The Concert Hall Upholding Pierre Boulez’s Legacy

The late conductor and composer’s friend Frank Gehry was entrusted with the design.

On a quiet stretch of Französische Straße in central Berlin, so-named in a time when French Protestant refugees comprised a full fifth of the city’s population, a Frenchman of note has taken up a sort of conspicuous residence—this time, in the form of a concert hall bearing his name.

Its story began a few years ago, when Frank Gehry took a trip to the German resort town of Baden-Baden to meet with his longtime friend Pierre Boulez, the famed conductor and composer. There, he presented a model of the building that would, in many ways, symbolize his legacy, but whose completion he would not live to see (he died in early 2016). “After we gave it to him, he sat in front of the model and just stared into it for hours,” Gehry said in a recent video interview, produced for the hall. On March 4, the Pierre Boulez Saal held its inaugural concert in honor of the late classical music icon, opening with his 1987 composition “Initiale.”

Though modest in size at 682 seats, the Pierre Boulez Saal is among the most ambitious spaces of its kind in both concept and mission. A collaboration between Gehry Partners and renowned Japanese acoustician Yasuhisa Toyota, the hall places the performers in the center of a two-tiered, wraparound seating scheme that can be modified as per the specific needs of a given performance.
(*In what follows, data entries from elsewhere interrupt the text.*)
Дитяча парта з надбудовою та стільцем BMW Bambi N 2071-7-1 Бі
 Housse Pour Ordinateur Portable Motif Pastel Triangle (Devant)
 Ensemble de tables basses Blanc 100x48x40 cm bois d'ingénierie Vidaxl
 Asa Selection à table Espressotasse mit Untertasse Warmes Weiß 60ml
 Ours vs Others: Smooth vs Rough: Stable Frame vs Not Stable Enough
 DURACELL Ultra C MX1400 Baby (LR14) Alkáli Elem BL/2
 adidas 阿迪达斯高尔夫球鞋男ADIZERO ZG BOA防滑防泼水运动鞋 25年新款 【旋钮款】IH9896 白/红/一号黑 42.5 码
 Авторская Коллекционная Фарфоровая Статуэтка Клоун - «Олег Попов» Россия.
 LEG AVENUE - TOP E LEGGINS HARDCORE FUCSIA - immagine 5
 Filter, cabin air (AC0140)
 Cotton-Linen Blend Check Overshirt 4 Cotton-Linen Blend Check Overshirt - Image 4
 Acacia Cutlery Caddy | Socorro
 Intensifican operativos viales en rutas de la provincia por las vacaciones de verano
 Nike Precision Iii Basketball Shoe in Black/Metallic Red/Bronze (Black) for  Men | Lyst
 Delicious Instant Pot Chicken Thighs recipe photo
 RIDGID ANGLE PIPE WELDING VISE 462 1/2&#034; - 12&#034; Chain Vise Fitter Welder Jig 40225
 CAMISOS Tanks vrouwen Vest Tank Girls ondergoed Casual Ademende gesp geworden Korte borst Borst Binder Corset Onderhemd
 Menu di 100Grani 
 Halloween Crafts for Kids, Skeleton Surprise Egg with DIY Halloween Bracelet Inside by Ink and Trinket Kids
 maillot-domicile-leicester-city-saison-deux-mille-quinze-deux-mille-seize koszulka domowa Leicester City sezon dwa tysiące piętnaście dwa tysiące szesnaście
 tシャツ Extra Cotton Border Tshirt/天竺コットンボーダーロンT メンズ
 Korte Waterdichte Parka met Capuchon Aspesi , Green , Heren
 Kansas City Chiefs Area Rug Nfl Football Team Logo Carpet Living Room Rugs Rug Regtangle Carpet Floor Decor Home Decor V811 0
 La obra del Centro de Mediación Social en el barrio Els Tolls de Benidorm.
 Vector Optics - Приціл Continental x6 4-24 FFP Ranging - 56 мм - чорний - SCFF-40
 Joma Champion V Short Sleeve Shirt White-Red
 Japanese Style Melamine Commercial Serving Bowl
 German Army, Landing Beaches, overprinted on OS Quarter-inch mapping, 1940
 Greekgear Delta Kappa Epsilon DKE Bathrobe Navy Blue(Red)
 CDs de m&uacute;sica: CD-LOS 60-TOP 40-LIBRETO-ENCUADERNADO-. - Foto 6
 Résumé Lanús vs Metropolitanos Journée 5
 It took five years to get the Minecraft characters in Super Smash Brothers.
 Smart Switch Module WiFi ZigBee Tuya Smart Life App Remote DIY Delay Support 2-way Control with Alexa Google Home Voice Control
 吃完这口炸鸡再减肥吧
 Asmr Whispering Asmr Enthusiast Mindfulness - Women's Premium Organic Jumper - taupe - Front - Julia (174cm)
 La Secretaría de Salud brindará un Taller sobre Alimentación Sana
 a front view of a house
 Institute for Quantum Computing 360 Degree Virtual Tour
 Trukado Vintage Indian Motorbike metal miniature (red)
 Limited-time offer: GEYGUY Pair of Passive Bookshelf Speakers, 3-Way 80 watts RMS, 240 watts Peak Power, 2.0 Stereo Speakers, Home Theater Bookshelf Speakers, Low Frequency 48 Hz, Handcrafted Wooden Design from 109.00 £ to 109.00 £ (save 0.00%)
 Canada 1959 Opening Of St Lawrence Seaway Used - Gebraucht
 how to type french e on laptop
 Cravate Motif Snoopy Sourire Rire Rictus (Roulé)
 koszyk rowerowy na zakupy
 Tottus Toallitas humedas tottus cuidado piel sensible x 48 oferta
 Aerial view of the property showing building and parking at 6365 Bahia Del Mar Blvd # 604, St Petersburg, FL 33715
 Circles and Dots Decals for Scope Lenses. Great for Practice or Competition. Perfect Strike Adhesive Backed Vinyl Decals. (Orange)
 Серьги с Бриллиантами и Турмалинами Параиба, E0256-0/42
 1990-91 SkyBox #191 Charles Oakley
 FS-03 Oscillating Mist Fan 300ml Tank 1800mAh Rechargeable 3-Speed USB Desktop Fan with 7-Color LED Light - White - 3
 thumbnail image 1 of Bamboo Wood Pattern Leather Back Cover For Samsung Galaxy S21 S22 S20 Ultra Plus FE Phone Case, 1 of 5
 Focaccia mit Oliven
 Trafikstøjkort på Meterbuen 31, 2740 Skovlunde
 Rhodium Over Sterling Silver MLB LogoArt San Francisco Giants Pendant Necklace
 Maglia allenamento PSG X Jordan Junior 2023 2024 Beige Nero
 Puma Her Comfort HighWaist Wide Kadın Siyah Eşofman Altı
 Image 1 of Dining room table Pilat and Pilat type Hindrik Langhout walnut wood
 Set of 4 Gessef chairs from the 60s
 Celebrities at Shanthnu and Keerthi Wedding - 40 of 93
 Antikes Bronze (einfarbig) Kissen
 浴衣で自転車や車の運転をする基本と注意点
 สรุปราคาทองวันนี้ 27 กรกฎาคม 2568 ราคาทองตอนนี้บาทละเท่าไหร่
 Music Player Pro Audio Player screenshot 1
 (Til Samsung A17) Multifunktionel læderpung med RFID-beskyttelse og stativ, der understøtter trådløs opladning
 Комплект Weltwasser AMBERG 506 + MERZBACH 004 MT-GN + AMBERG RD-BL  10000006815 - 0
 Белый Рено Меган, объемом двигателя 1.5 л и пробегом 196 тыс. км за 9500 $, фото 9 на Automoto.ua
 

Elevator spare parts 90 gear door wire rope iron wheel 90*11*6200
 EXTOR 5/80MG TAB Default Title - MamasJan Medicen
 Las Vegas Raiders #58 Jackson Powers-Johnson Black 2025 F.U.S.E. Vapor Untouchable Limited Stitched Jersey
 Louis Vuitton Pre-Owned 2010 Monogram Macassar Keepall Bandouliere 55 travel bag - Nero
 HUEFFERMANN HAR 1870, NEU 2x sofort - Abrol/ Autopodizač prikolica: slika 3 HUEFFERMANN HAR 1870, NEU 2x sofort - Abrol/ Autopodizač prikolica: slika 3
This flexibility of form is meant to accommodate a range of genres, from chamber music to jazz-fusion to midsize orchestras.

That push for diversity isn’t just a gesture; two of the principle institutions behind the new concert hall are the Said-Barenboim Akademie, a school for young musicians from across the Middle East, and its spiritual progenitor, the West-East Divan Orchestra, founded in 1999 by academic Edward Said and conductor Daniel Barenboim to unite young Arab and Israeli musicians. Such humanistic underpinnings are what inspired both Gehry and Toyota to donate the time and effort they put into the endeavor over the five years it took to complete. For Gehry, Said and Barenboim’s project of reconciliation through music became a symbol of “something I believe in very deeply, and that is that people of different languages, different cultures, different politics, can ultimately speak to each other through the arts.” With the opening of the Pierre Boulez Saal, it seems they now have an excellent venue to start that conversation.